▸ **WORK TO BE COMPLETED**
Each line in the material below must be transcribed exactly; no picture belongs in the copy.

▸ **INFORMATION PROVIDED**
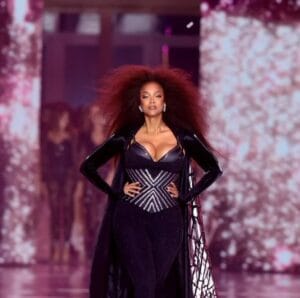 Tyra Banks | Tyra Banks Struts Back to Victoria’s Secret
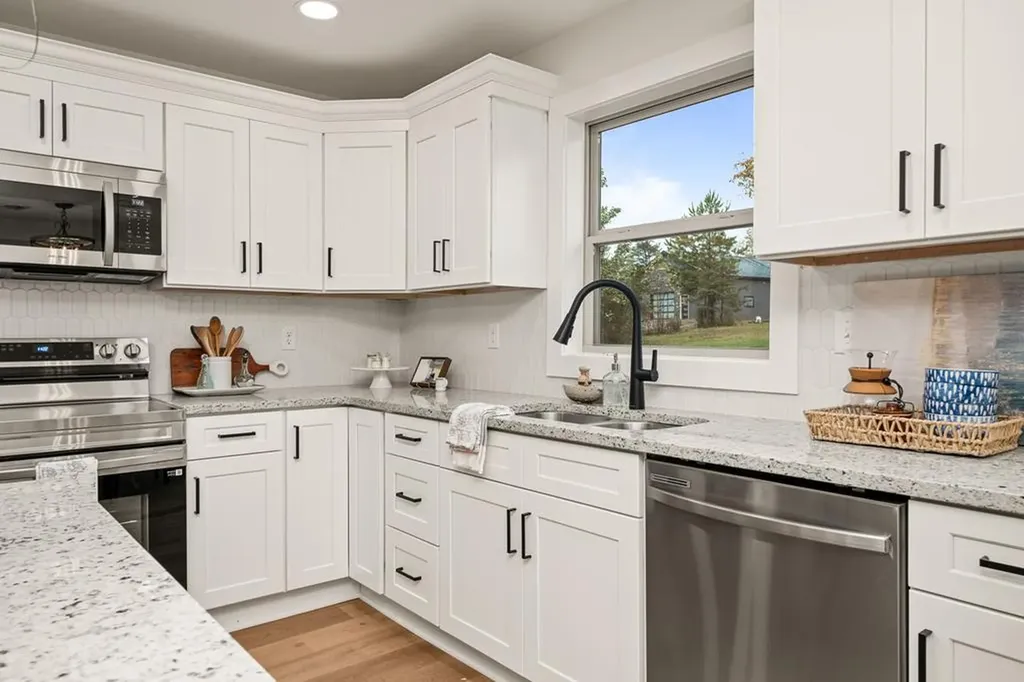 912 Jackson Avenue Monterey TN 38574-1632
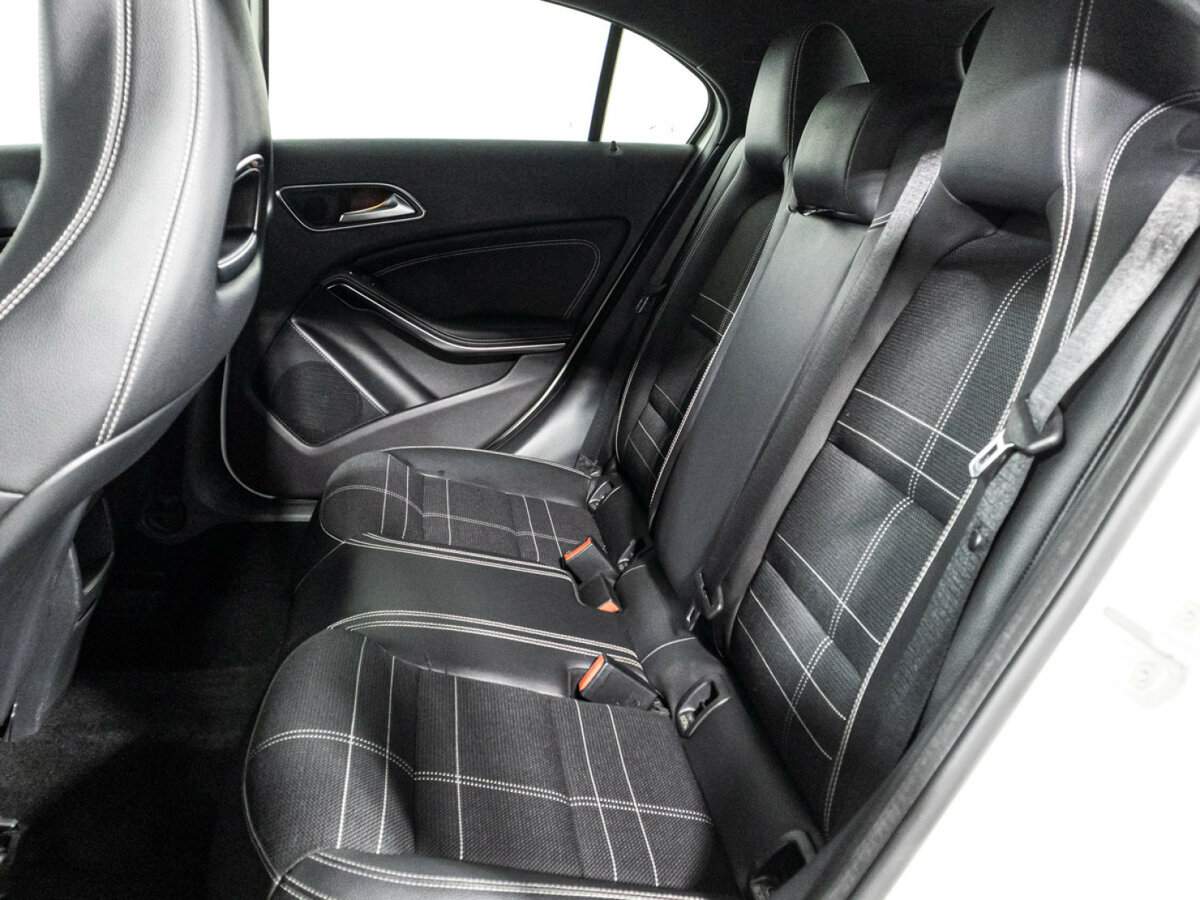 Mercedes-Benz A-Класс с пробегом — 2013 год. Фото: #9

▸ **TASK SOLUTION**
 Tyra Banks | Tyra Banks Struts Back to Victoria’s Secret
 912 Jackson Avenue Monterey TN 38574-1632
 Mercedes-Benz A-Класс с пробегом — 2013 год. Фото: #9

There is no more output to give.